There’s also the problem of exaggeration.  No, Bernie Sanders is not a communist just because he thinks that poor people ought to be able to afford food and shelter.  But at one level, this is the same kind of enflamed rhetoric that characterizes a lot of political speech… as Curmie demonstrated above in referring to the abominable Stephen Miller.

A more complex problem because it requires a projection of long-term vs. short-term effectiveness comes in economic policy.  Raising tariffs, for example, may seem like a good idea in the near term, but there are several inevitable results.  Some things just can’t be created here: think coffee, for example.  Also, if the price of some imported product goes up 10%, US competitors will cheerfully raise their prices by 5% and still get a greater market share.  In both cases, prices go up.  And, of course, other countries are likely to impose their own retaliatory tariffs, making it harder to export American goods, especially agricultural products.  Ask soybean farmers what they think of these policies.  Or, in a variation on the theme, talk to cattle farmers who hear the guy they voted for suggesting a significant increase in importing Argentinian beef.

Similarly, cutting ACA subsidies doesn’t hurt just those directly affected.  Those folks can’t afford health care, so they don’t get it.  They show up at work with communicable diseases.  Small-town hospitals go out of business.  Doctors charge the rest of us more to make up for lost patients.  How is any of this good news?

We could also, of course, address the internal contradictions in so many policy decisions.  Let’s take that Compact for Academic Excellence in Higher Education, for example.  It insists on a de facto quota system based on ideology, but is radically opposed to DEI, i.e., diversity, equity and inclusion.  It demands that international students open their social media accounts to governmental snooping. 

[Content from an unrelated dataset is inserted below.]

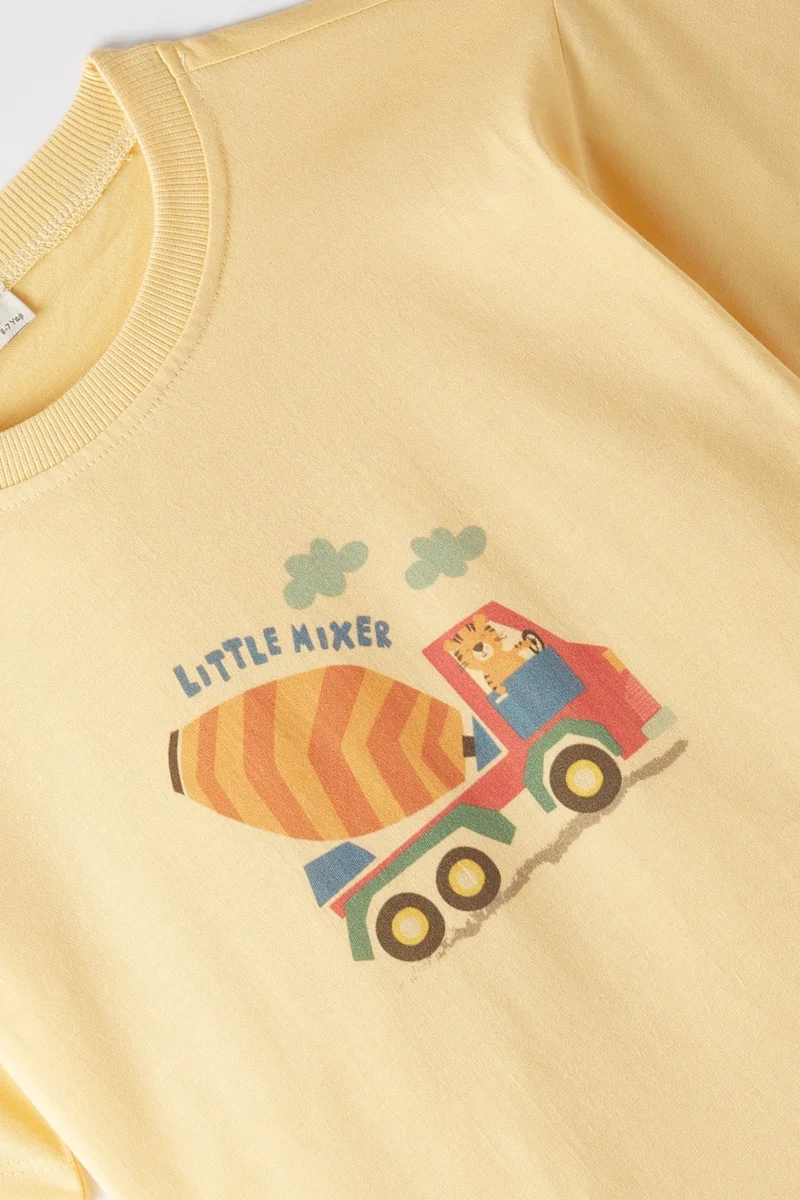 JUNE Boy T-Shirt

It pretends to support free speech, but seeks to punish universities which allow protests against what some students perceive as Israeli genocide.  The key word in the previous sentence is “allow.”  A university need not encourage such protests, merely allow them in the spirit of First Amendment principles and that “broad spectrum of ideological viewpoints” the Compact purports to endorse to run afoul of this administration’s attempts at controlling what can be discussed on university campuses.  Curmie could go on, but he hopes the point has been made. 

There was a time, not that long ago, when genuine, honest, debate could happen, when it was possible to see the point of view of someone whose stance on abortion or gun control, for example, was different from one’s own.  There’s a limit to that viewpoint, however.  The Republican Party is now completely subservient to the petulance and vindictiveness of a delirious despot-wannabe, and they’ll say or do anything to prove their allegiance to him. 

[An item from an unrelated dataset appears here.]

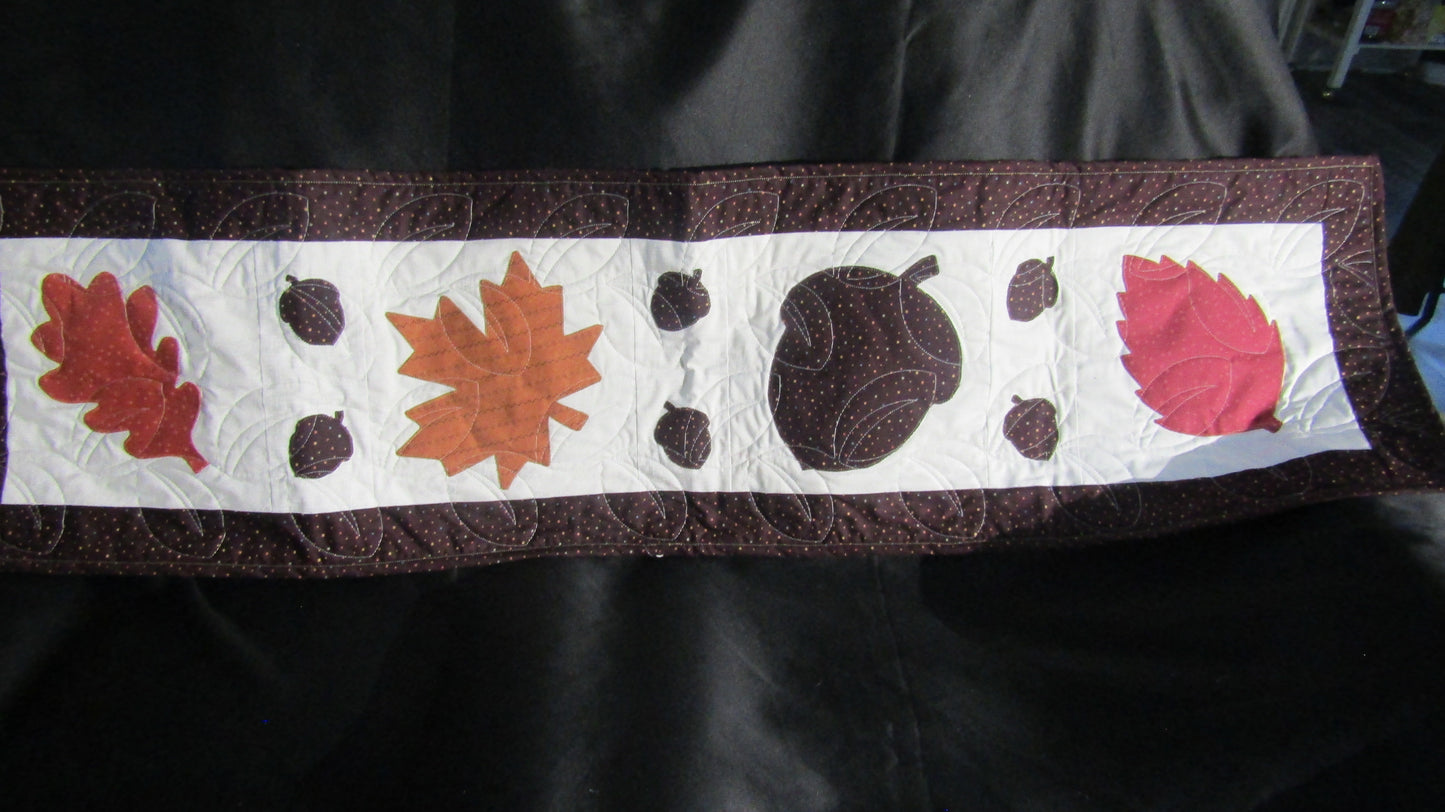 Leaves and Acorns Tablerunner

Either that, or they truly believe that Americans ought not to have access to disaster relief if they happen to live in a “blue state,” that there’s not a problem with reverse Robin Hood policies designed to steal from the poor to give to the rich, that protecting a pedophile is more important than representing the people, that health insurance premiums increasing by over $50 a day (!) is quite all right…  Again, there’s more, but we’ll leave it at that.

The idiocy and intentional cruelty of those policies is transparent to anyone who can out-think a rutabaga, but debating those issues is an exercise in futility because the first tenet of MAGA-dom is never to admit anything.  The rhetoric on either side doesn’t matter; policy does.  There’s plenty to distrust on both sides of the political aisle, but mud-slinging isn’t the answer.  (Yes, Curmie is aware of the irony of this statement appearing in this essay.)  The truth always seeks to be free.  It will find its way out.  In the meantime: resist by whatever (legal and ethical) means necessary… and ultimately vote the bastards out.